That's it. Everything else in this guide is opt-in.

💡 contract must define at least one of schema or openapiRef — an empty contract: {} fails validation. We use a one-column schema here.


2. Add a schema

Goal: describe the columns of the exposed table. New in this step: exposes[].contract.schema[].

# 02-with-schema.fluid.yml
fluidVersion: "0.7.4"
kind: DataProduct
id:   demo.bronze.payments
name: "Raw Payments"
metadata:
  owner: { team: data-platform, email: data-platform@company.com }
  layer: Bronze
exposes:
  - exposeId: payment_events
    kind: table
    contract:
      schema:
        - { name: payment_id, type: STRING,  required: true,  description: "Unique payment id" }
        - { name: amount,     type: NUMERIC, required: true,  description: "Payment amount" }
        - { name: currency,   type: STRING,  required: true,  description: "ISO 4217 currency code" }
        - { name: created_at, type: TIMESTAMP, required: true }
    binding:
      platform: gcp
      format:   bigquery_table
      location: { project: company-data, dataset: bronze_finance, table: payments }

Why bother: every consumer (humans, BI tools, AI agents) now has a machine-readable contract for the columns they'll see.


3. Add data quality

Goal: assert that certain quality conditions must hold for the data to be considered valid. New in this step: exposes[].contract.dq.rules[].

# 03-with-dq.fluid.yml
# ... (everything from example 2, plus:)
exposes:
  - exposeId: payment_events
    kind: table
    contract:
      schema:
        - { name: payment_id, type: STRING,  required: true }
        - { name: amount,     type: NUMERIC, required: true }
        - { name: currency,   type: STRING,  required: true }
      dq:
        rules:
          - id: positive_amount
            type: valid_values                          # type ∈ freshness | completeness | uniqueness | valid_values | accuracy | schema | anomaly_detection | drift_detection
            selector: "amount > 0"
            severity: error                             # severity ∈ info | warn | error | critical
          - id: known_currency
            type: valid_values
            selector: "currency IN ('USD','EUR','GBP','JPY')"
            severity: warn
          - id: freshness_15m
            type: freshness
            selector: created_at
            window: PT15M                               # ISO-8601 duration window
            severity: error
    binding:
      platform: gcp
      format:   bigquery_table
      location: { project: company-data, dataset: bronze_finance, table: payments }

DQ rules run as part of every build. severity: error fails the pipeline; warn annotates the run.
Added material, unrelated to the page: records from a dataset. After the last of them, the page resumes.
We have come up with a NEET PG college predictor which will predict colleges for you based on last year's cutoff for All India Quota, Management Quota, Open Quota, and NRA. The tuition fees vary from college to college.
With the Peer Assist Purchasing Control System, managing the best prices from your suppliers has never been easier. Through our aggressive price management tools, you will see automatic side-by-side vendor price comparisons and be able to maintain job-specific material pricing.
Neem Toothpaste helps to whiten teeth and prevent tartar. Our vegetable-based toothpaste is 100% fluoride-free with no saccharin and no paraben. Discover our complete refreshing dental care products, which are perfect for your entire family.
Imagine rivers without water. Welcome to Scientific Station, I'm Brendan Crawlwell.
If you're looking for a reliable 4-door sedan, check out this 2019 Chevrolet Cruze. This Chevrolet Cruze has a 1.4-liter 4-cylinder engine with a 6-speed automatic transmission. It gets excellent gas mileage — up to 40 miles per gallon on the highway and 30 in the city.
4. Add a build (embedded SQL)

Goal: describe how the data actually gets produced. New in this step: the build block with pattern: embedded-logic.

# 04-with-build.fluid.yml
# ... (everything from example 3, plus:)
build:
  pattern: embedded-logic
  engine:  sql
  properties:
    sql: |
      SELECT
        payment_id,
        amount,
        currency,
        created_at
      FROM raw_source.payments
      WHERE amount > 0
  execution:
    trigger:
      type: schedule                                # schedule | event | manual | dependency | dataset | schedule_and_dataset | timetable
      schedule: "0 * * * *"                         # cron expression (or named preset)
    retries:
      maxAttempts: 3
      backoffStrategy: exponential                  # fixed | exponential | linear
      initialDelay: PT60S                           # ISO-8601 duration

embedded-logic keeps the transformation in-file. For dbt-style references, use hybrid-reference (next example).


5. Consume another product

Goal: depend on another FLUID product upstream, and reference a dbt model for the build. New in this step: consumes[] + build.pattern: hybrid-reference.
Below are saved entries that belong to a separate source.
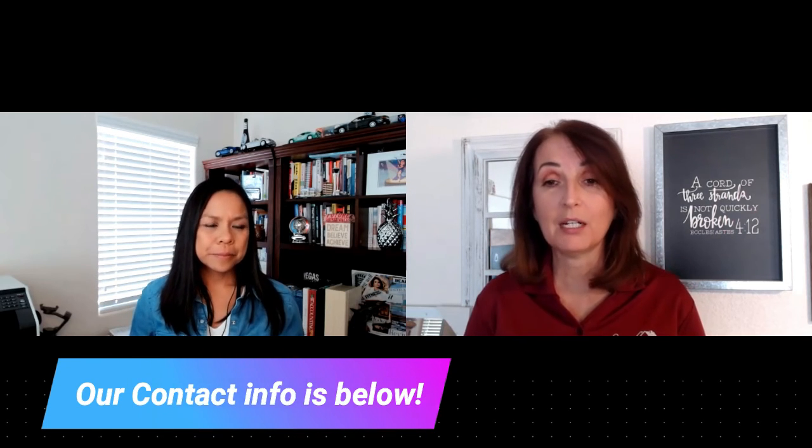We're going to have all the information down below, so if you like to text, call, email, or click the link below, you can reach out to us. We'll answer any of your questions — we're here to help you. Hope you enjoyed that, and if you need any information, let us know. You guys have a great day. Bye!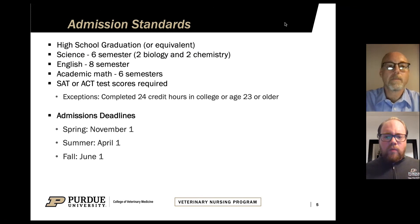Our program does have some very specific admission standards, mainly based off high school education or equivalent. You are required to have graduated high school or have an equivalent such as a GED. One of the big requirements is that you have to have done six semesters of science, specifically two of biology and two of chemistry. This is where most of our students get tripped up. These can be supplemented by going to a community college in your area and completing one semester of a lab bio or one semester of lab chemistry to cover those requirements.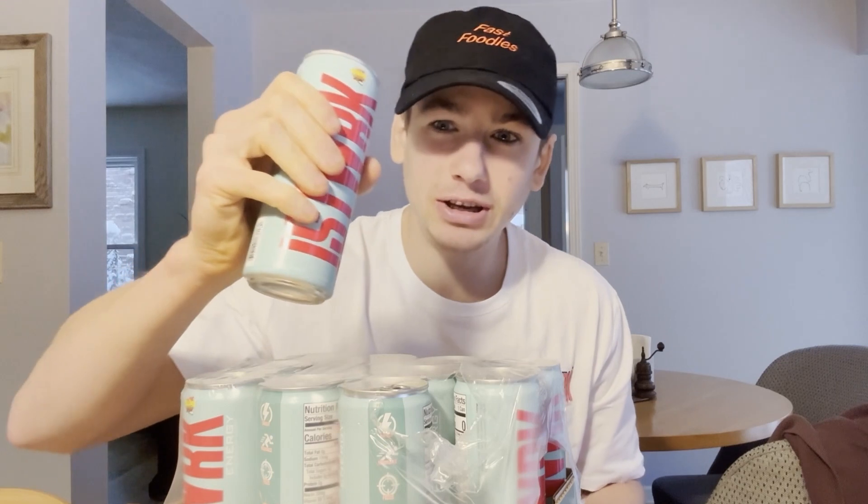Now on to the taste test. As you guys can see, one of these drinks is missing because I actually put it in the refrigerator — we all know energy drinks taste better cold. Even though it is, look at that weather right there — about 28 degrees and a snowstorm just hit. Even though it's freezing and snowy outside, I'm still trying this one cold. It's been in the refrigerator for about an hour or so, not super long but better than nothing.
# 05-customer-ltv.fluid.yml
fluidVersion: "0.7.4"
kind: DataProduct
id:   analytics.silver.customer_ltv
name: "Customer Lifetime Value"
metadata:
  owner: { team: analytics, email: analytics@company.com }
  layer: Silver

consumes:
  - productId: demo.bronze.payments        # from example 4
    exposeId:  payment_events
  - productId: crm.bronze.raw_customers
    exposeId:  customer_data
    versionConstraint: "^2.0.0"

exposes:
  - exposeId: customer_ltv
    kind: table
    contract:
      schema:
        - { name: customer_id,     type: STRING,  required: true, tags: [identifier] }
        - { name: total_spent,     type: NUMERIC, required: true }
        - { name: order_count,     type: INTEGER, required: true }
        - { name: avg_order_value, type: NUMERIC, required: true }
    binding:
      platform: gcp
      format:   bigquery_table
      location: { project: company-data, dataset: silver_analytics, table: customer_ltv }

build:
  pattern: hybrid-reference
  engine:  dbt
  repository: "github.com/acme/analytics-dbt"
  properties:
    model: customer_ltv                    # path within the dbt repo

Now the orchestrator can auto-build the DAG: demo.bronze.payments → analytics.silver.customer_ltv.


6. Restrict access with accessPolicy

Goal: declare exactly who can read this product. The platform generates cloud IAM bindings from this block. New in this step: root-level accessPolicy.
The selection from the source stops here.